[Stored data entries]
======

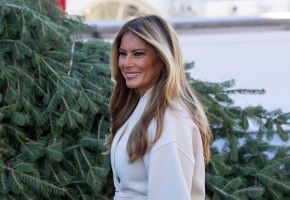 Photo of Мелания Трамп в пальто Dior приняла рождественскую ель Белого дома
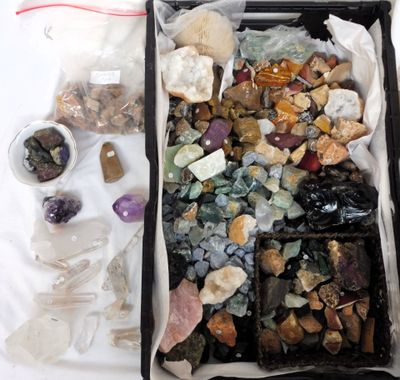 une boîte remplie de cailloux et de pierres posée sur une table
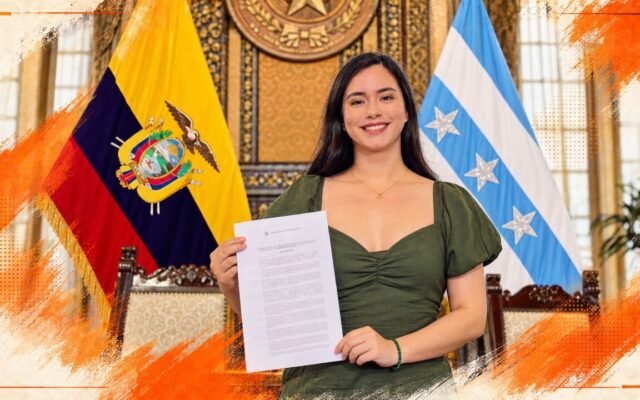 Fotografía de la concejala Blanca López durante una sesión del Concejo Municipal de Guayaquil.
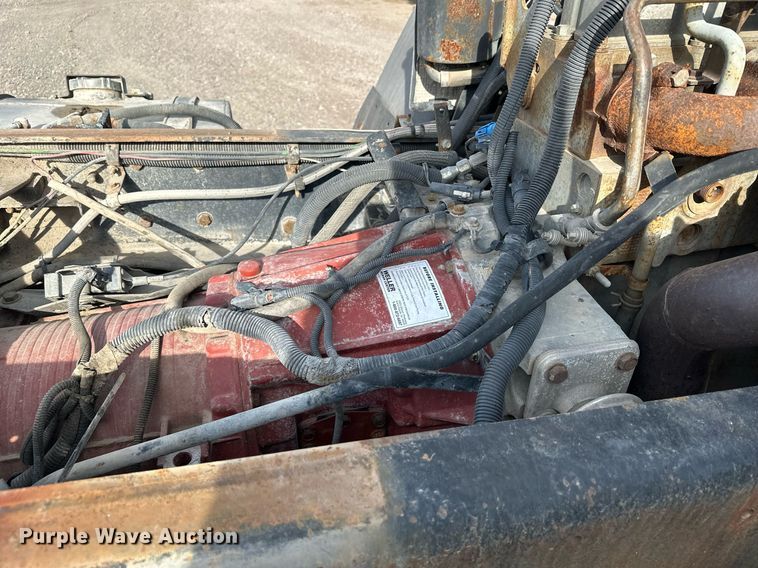 image for item LO9334 1996 Ford CF8000  truck cab and chassis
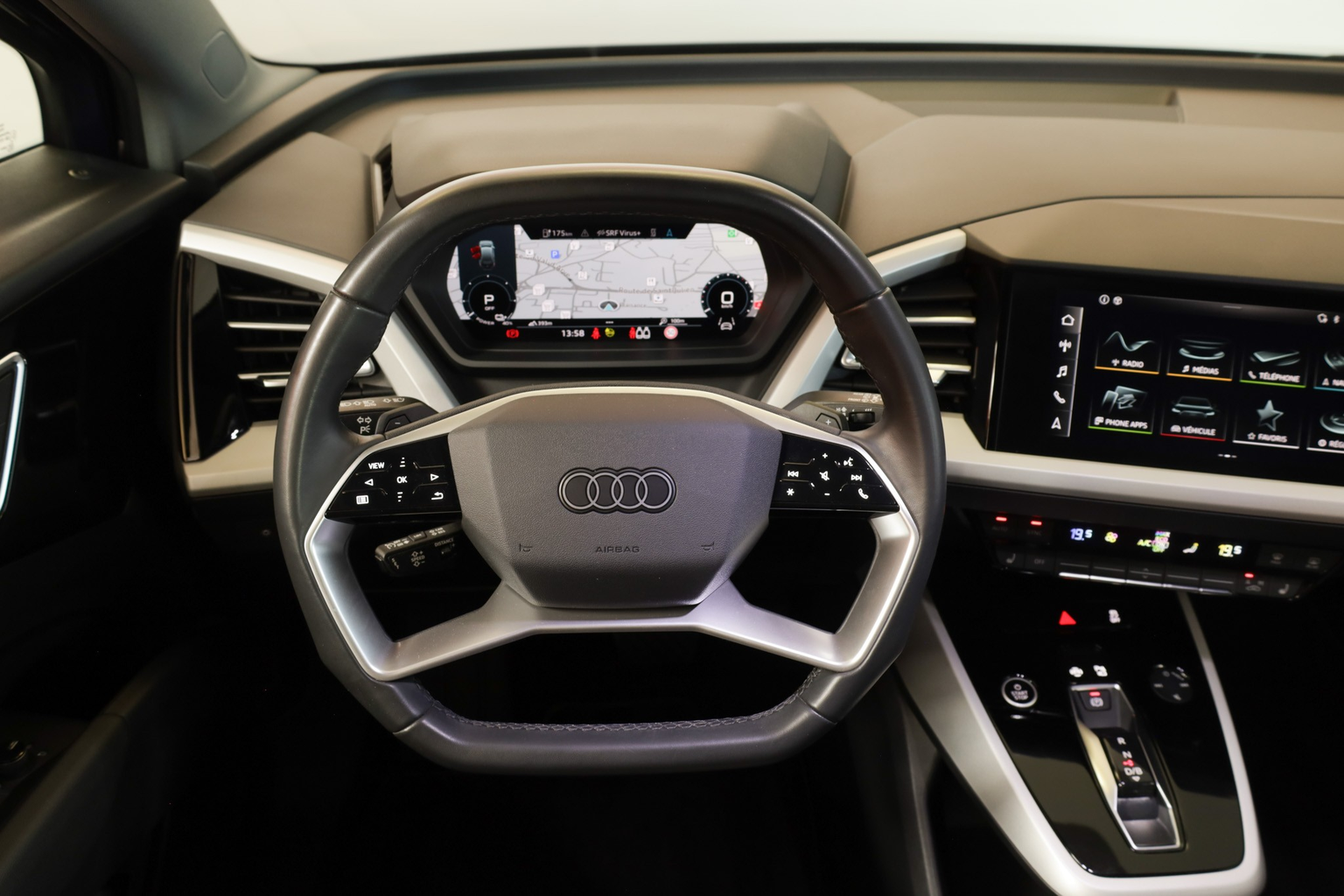 AUDI Q4 e-tron 40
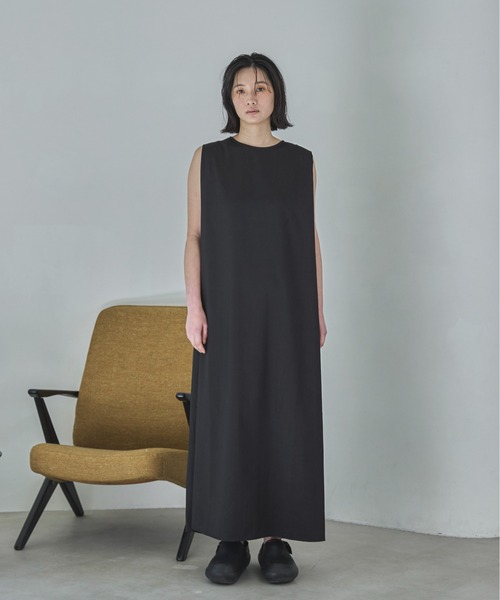 feepur(フェピュール)の「【TALLサイズあり】ノースリタックワンピース(ワンピース・レディース・ブラック/グレー・MEDIUM/TALL)」の3枚目の写真
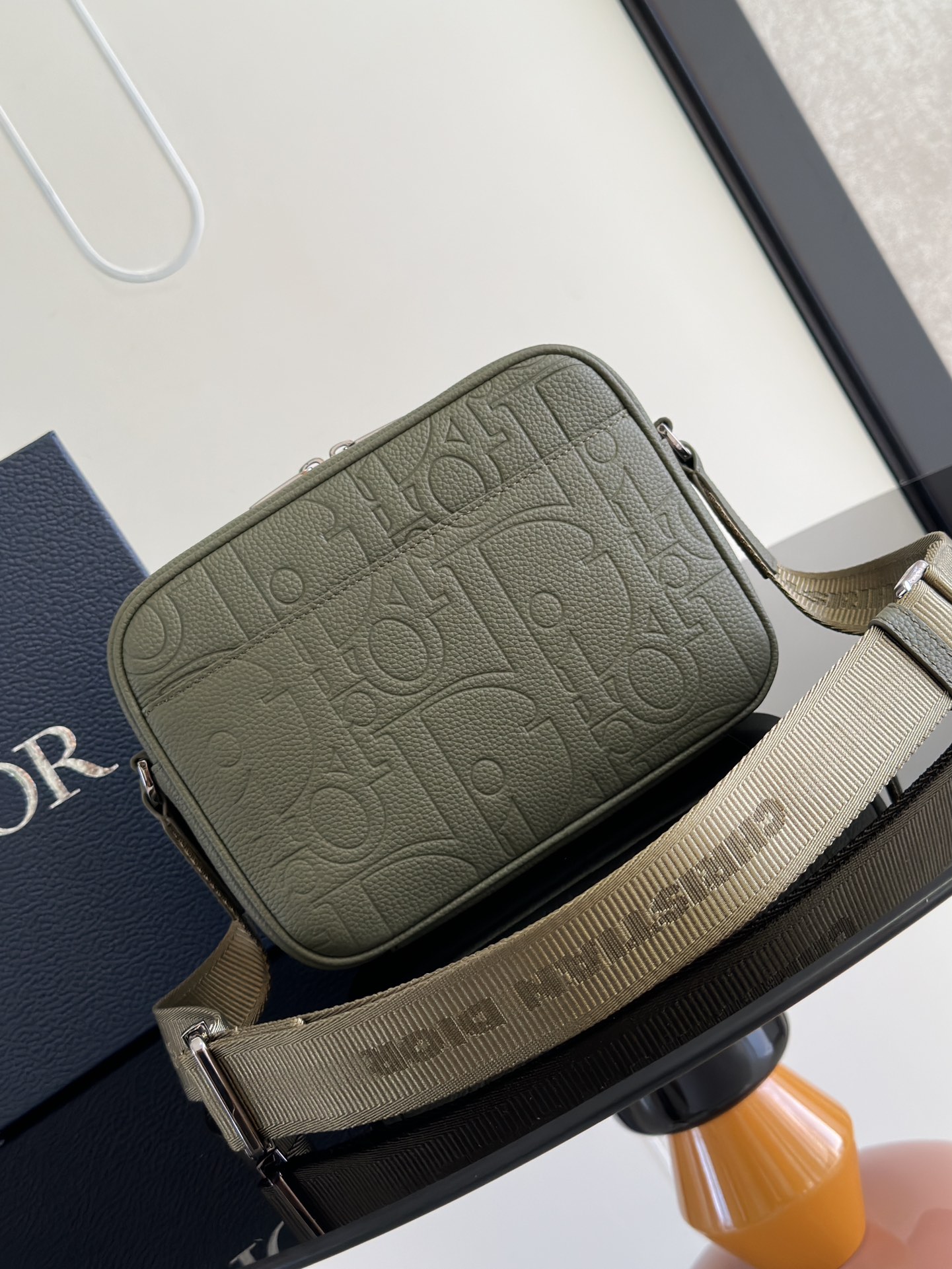 D*or rider 2.0 bag-23 x 17 x 7.5cm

======

ACTIVITY: Generate a word-for-word copy of the preceding records, excluding all pictures.

EXERCISE RESPONSE:
 Photo of Мелания Трамп в пальто Dior приняла рождественскую ель Белого дома
 une boîte remplie de cailloux et de pierres posée sur une table
 Fotografía de la concejala Blanca López durante una sesión del Concejo Municipal de Guayaquil.
 image for item LO9334 1996 Ford CF8000  truck cab and chassis
 AUDI Q4 e-tron 40
 feepur(フェピュール)の「【TALLサイズあり】ノースリタックワンピース(ワンピース・レディース・ブラック/グレー・MEDIUM/TALL)」の3枚目の写真
 D*or rider 2.0 bag-23 x 17 x 7.5cm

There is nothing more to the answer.